Univision today filed a lawsuit against Charter Communications Inc. in New York Supreme Court accusing the cable operator of breach of contract over carriage fees after its $71.4 billion dollar acquisition of Time Warner Cable.
According to the complaint, Univision alleges Charter purposely avoided negotiating its carriage agreement, which expired June 30, in order to try to take over TWC’s lower programming fee deal when the merger was completed.
In the complaint, attorneys argue the Univision’s 2014 distribution agreement with Charter, which just expired, “contained a heavily-negotiated provision concerning corporate acquisitions” that in essence, would allow Charter to keep TWC’s rates in place until the end of 2016. “After that time, the Charter Agreement would govern the acquired systems.”
Univision alleges Charter wants to enforce and adopt TWC’s 2009 distribution agreement, which expires in June of 2022, for the entire company, including legacy Charter systems.
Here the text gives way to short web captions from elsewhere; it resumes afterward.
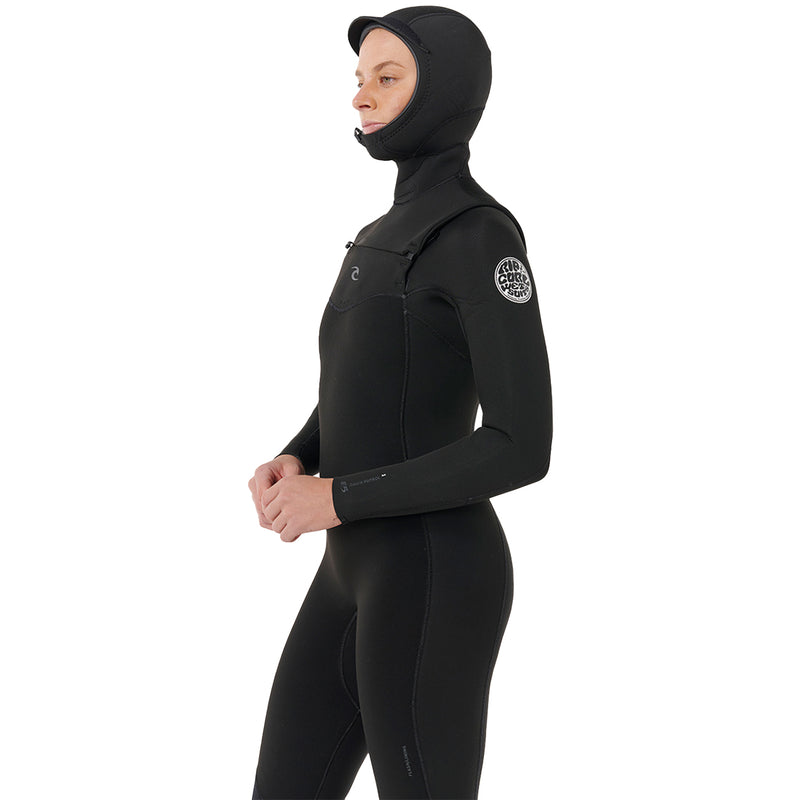 Load image into Gallery viewer, Rip Curl Women&#39;s Dawn Patrol 5/4 Hooded Chest-Zip Wetsuit
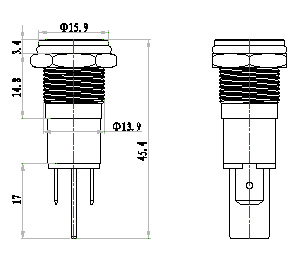 14MM 110V waterproof ip67 green led metal indicator light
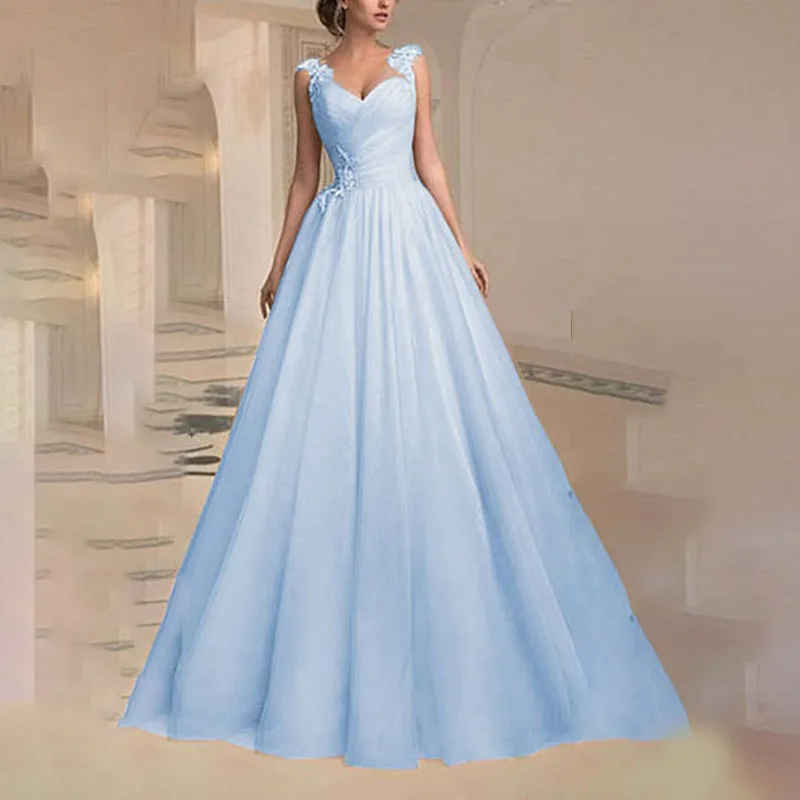 

summer forma party Dress V-neck Sleeveless Waist Defined Mesh Large Pendulum ball gown evening ladies dresses elegant clothing
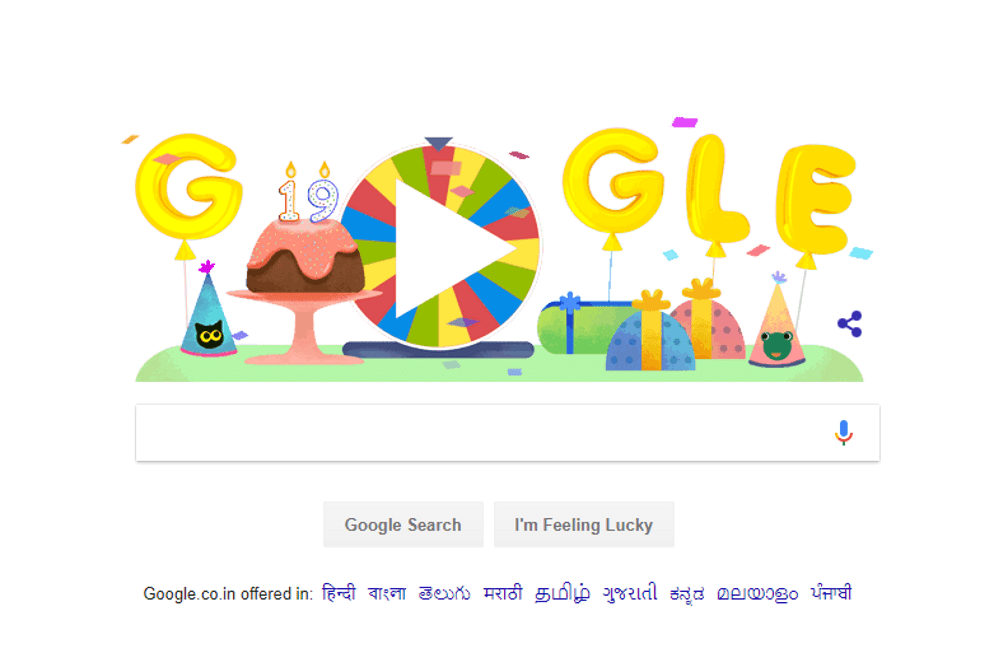 Google is celebrating its 19th birthday with a “Surprise Spinner”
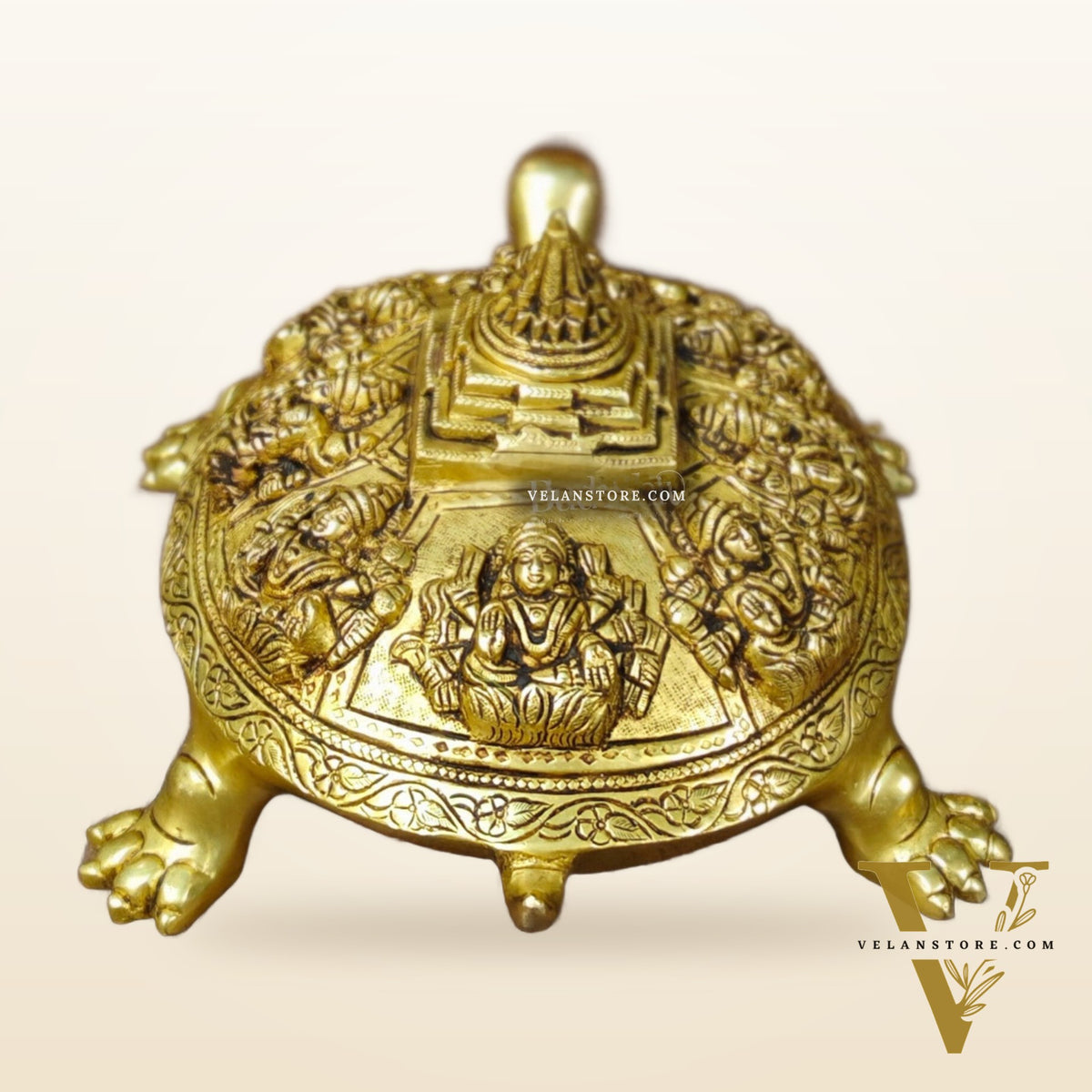 Brass Ashtalakshmi Shree Yantra on Tortoise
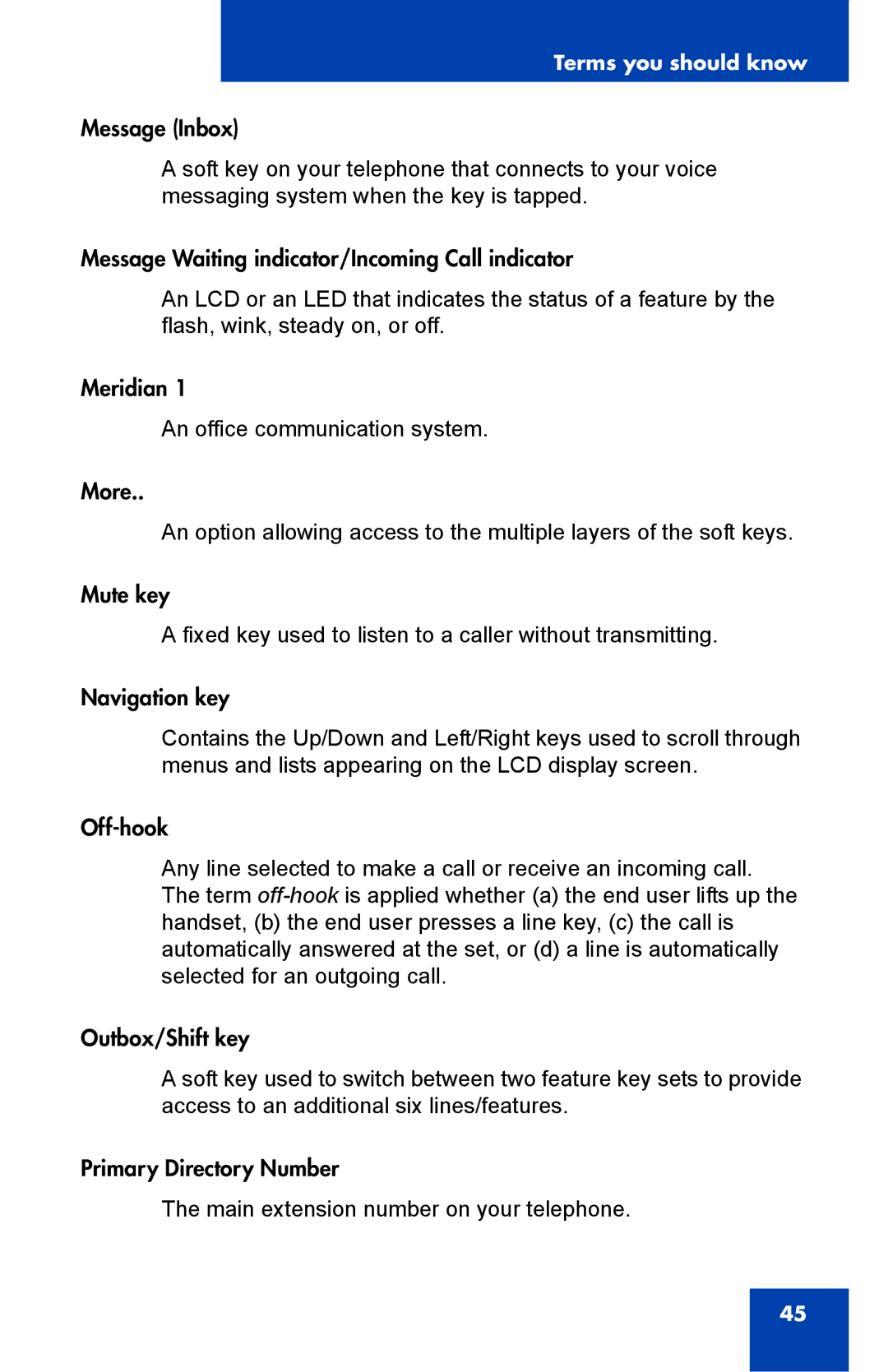 Nortel Networks 1000 manual Terms you should know 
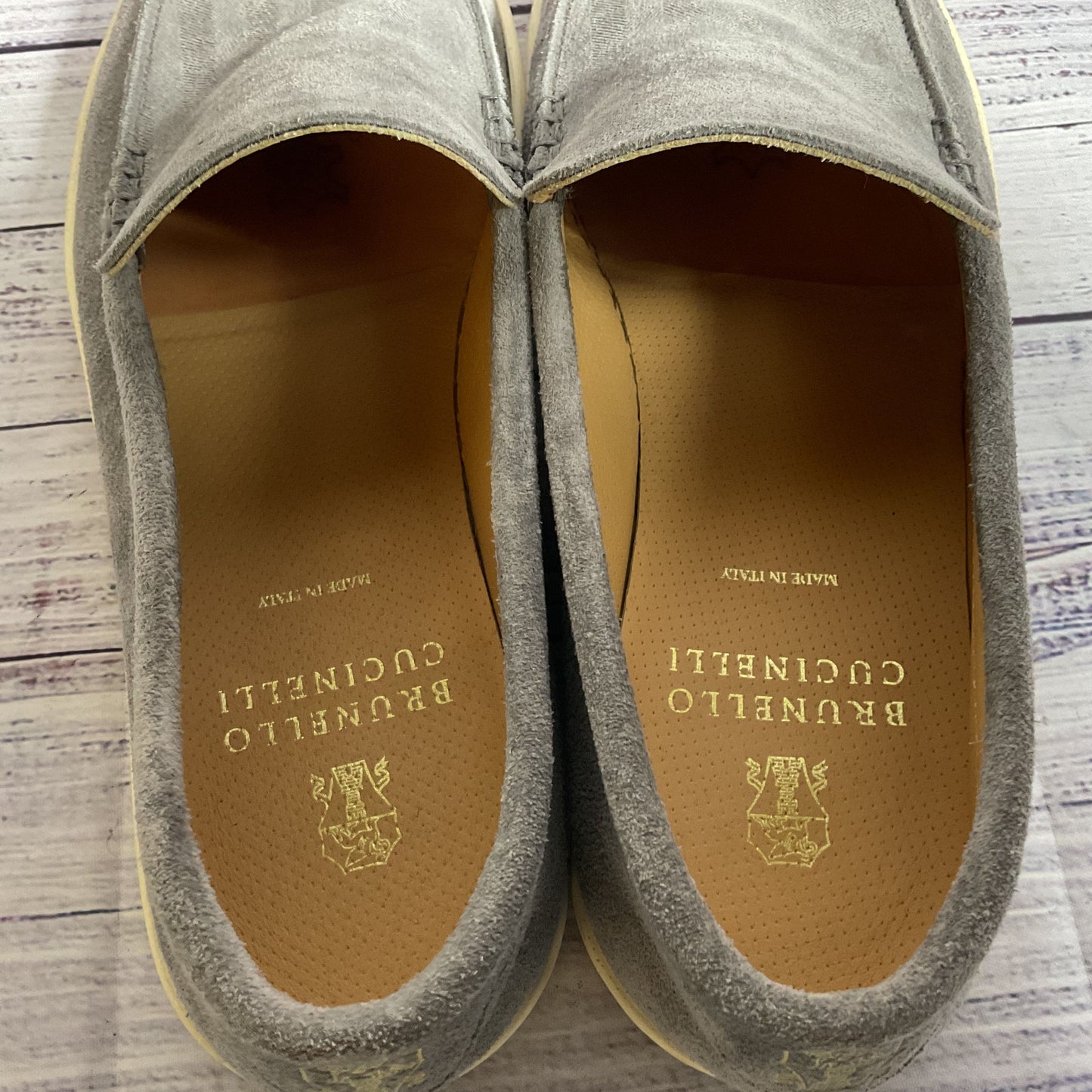 BRUNO CUCINELLI Women's Gray Suede Loafer Shoes- SZ 8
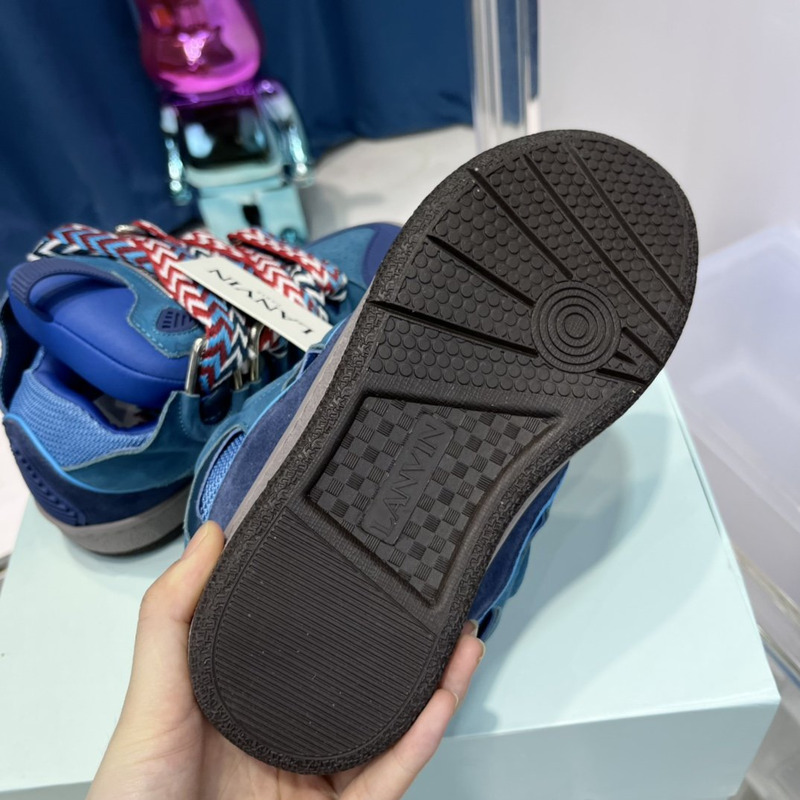 Lanvin Curb Leather Sneakers With Multicolor Laces in Dark Blue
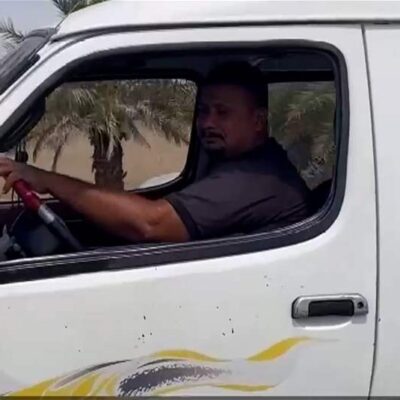 علاء-قاسم-يقود-سيارة-نقل-بساقٍ-واحدة.-فهذا-ما-حصل-معه!!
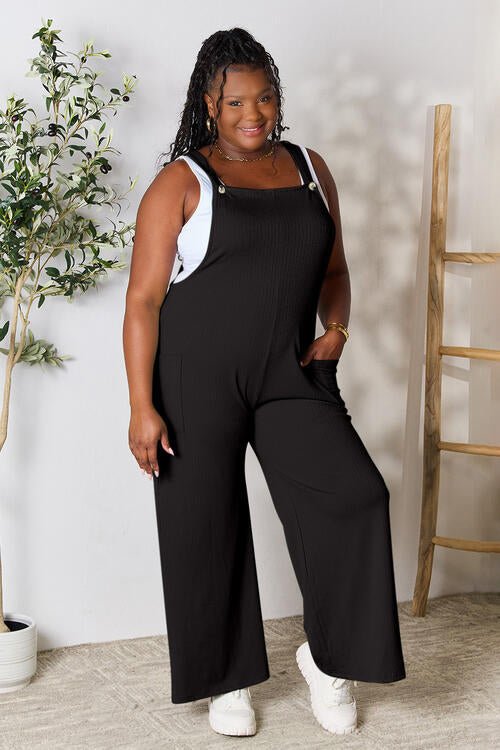 Double Take Full Size Wide Strap Overall with Pockets - Loulou Boutique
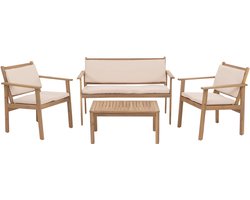 Tuinset MCW-O19, loungeset zitgroep bank fauteuil tafel, hout acacia MVG stof/textiel (180 g/m²) ~ kussens beige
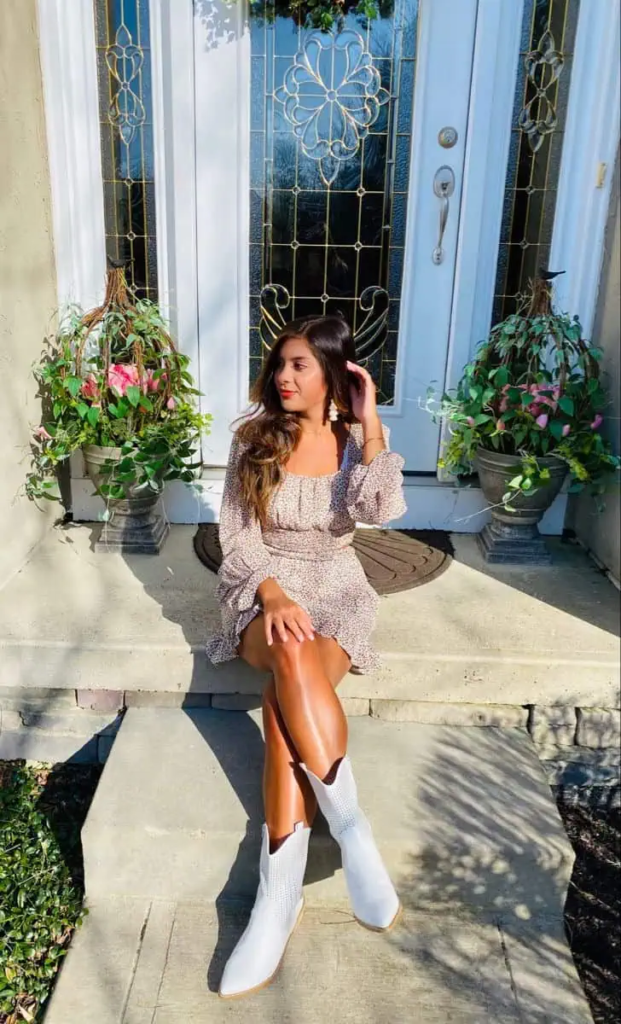 4. Floral Dress With White Cowgirl Boots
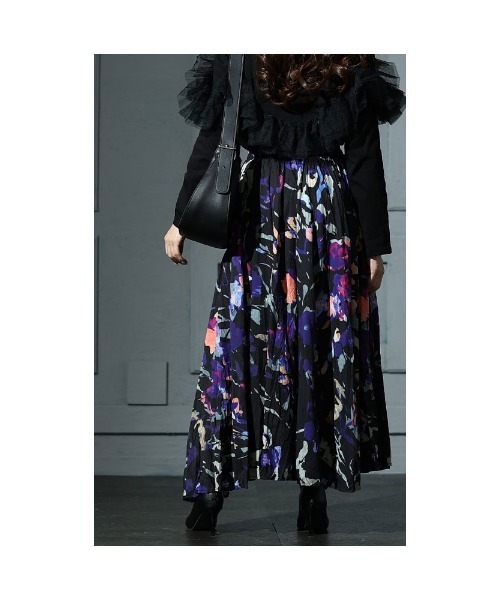 Sawa a la mode（サワアラモード）の「スプラッシュ柄フレアスカート（スカート・レディース・パープル・FREE）」の9枚目の写真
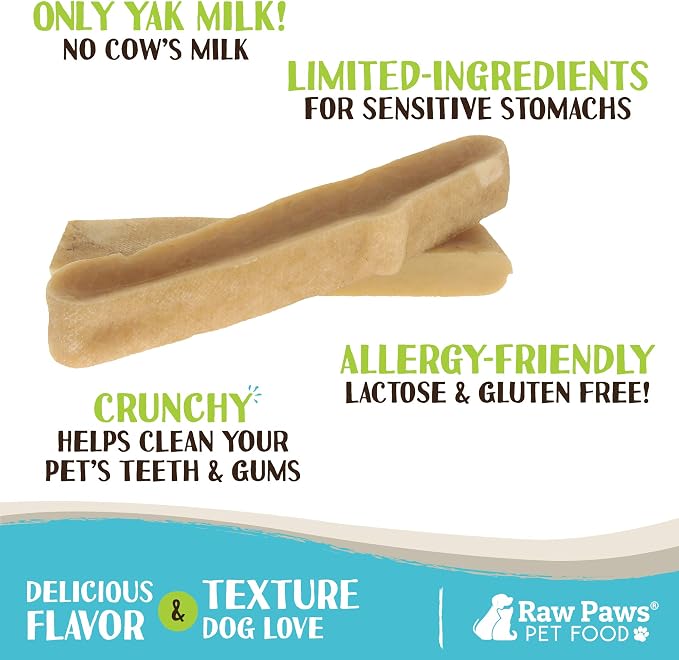 Raw Paws Himalayan Yak Chews for Dogs, Large (4 Pack) - Packed in USA - Tibetan Yak Cheese Dog Chews for Medium to Large Breeds - Hard Milk Dog Chew Bones - Single Ingredient - Long Lasting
One of the key points in the argument is which company acquired control after the merger.
“Charter insists that the contract Univision had with Time Warner Cable is controlling, rather than its own contract with Univision. Charter bases this argument on the preposterous theory that as a result of the merger, Time Warner Cable, rather than Charter, is managing all these cable systems. But everyone knows that is not true: the longstanding CEO and the executive team of Charter, as well as its pre-existing board of directors, now manage and control all of the cable systems,” Univision said in a statement.
A Charter spokesman only sent a one-line statement about the matter: “We have a long-term contract with Univision, and we expect them to honor it.”
He did not confirm if the contract referenced is the TWC agreement.
Univision seeks to have the license fees in the TWC Agreement apply to only the Legacy TWC Systems until December 31, 2016, terminating the agreement at that time. It’s also seeking damages to compensate for the difference, “the exact amount of which will be determined at trial.”